You can set an array of int's just fine with memset; if sizeof(int) happens to be > 1 on your platform, then just call memset() once for every byte you want to set, with the value for that byte. The least significant byte of "c" is used because that's what the documentation says it will use.

 

Hi,

Between yours and MrSoftware's replies i think i see what happened now.

Long ago an "int' would have been a byte i think, because that would have been the default type. That's still the default type on some platforms. So i have to agree that the reason for int was because of the progression of the hardware vs software, and no one bothered to change that. That explains the other function being like that too then.

No. In the earliest standard an int was required to be of such size as to hold positive and negative values that correspond to a 16-bit 2's complement value. I can't absolutely guarantee that this was the case in the very first inception, but it was originally targeted for a 16-bit architecture (the PDP-11, if I'm correct), so not a surprise that the int was 16 bits.

I guess there's nothing we can do about this then except explain it every time someone comes up with a problem where they are trying to set a bunch of int's (as in an array) and find that they cant do it because the values they read back in the array are not what they expected to see. It would be good to be able to provide a good explanation for this which i think we can now.

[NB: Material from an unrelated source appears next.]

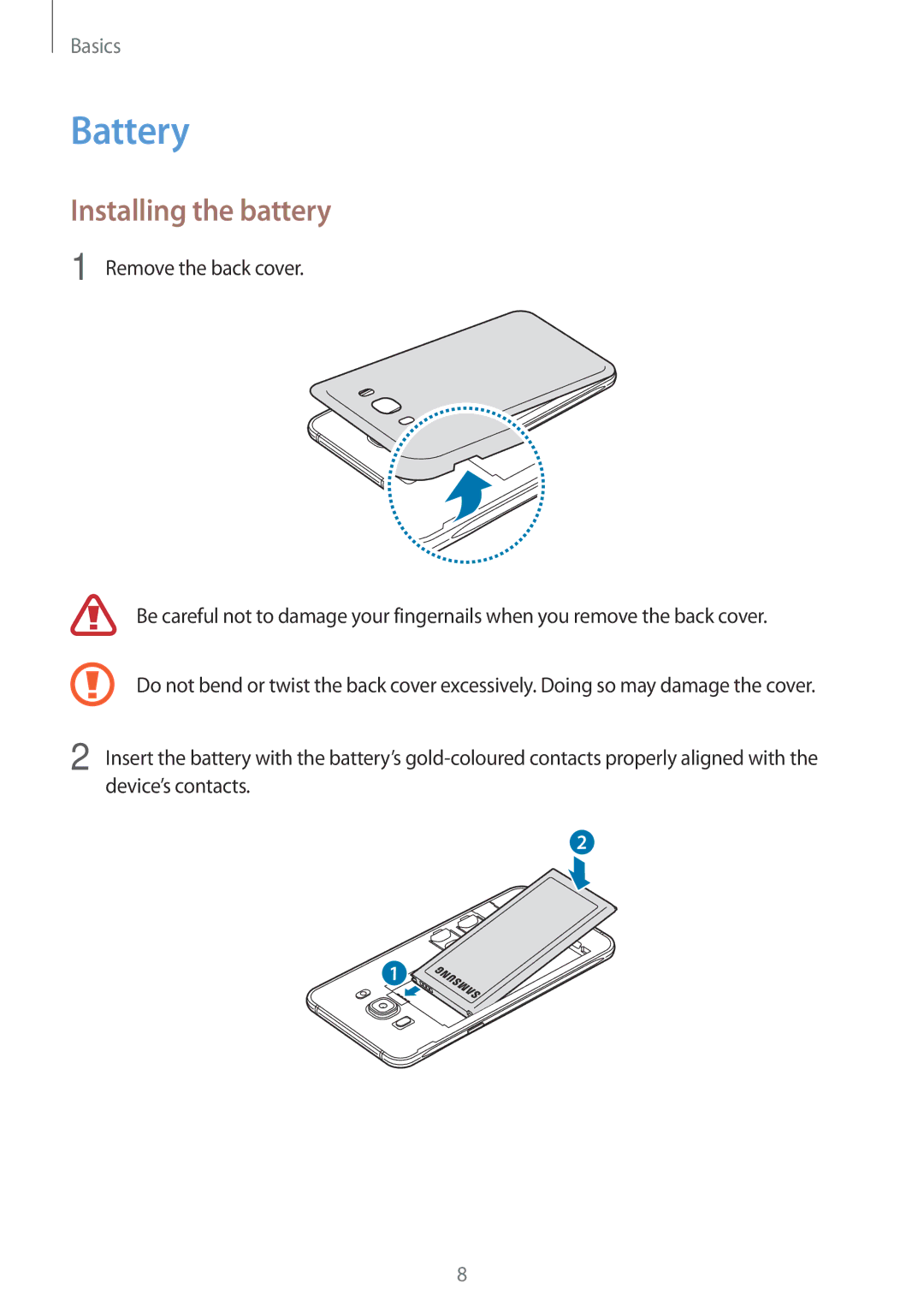 Samsung SM-J510FZDNOPT, SM-J510FZKNOPT, SM-J510FZDNMEO, SM-J510FZDNATO, SM-J510FZDNEUR manual Battery, Installing the battery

Or, perhaps, we could encourage people to actually look up what a function does before they use it. Just a thought.

Perhaps we've uncovered the fault with 'int' itself being a type that is always taken to be some default type.

An int was NEVER meant to be a specific width. This is true of most of the primitive types in C. There are requirements that it must meet, but it can exceed them and still be perfectly compliant. That's why some machines have 16-bit ints, some have 32-bit ints, and some have 64-bit ints. You have macro constants provided by the compiler to determine what they are on a particular implementation. Even a char is not required to be one byte. Similarly, the source code alphabet is not required to be the same as the execution code alphabet and neither is required to be ASCII. It is only relatively recently that you have standard data types that ARE fixed-width, though most implementations offered them as implementation-specific extensions long ago.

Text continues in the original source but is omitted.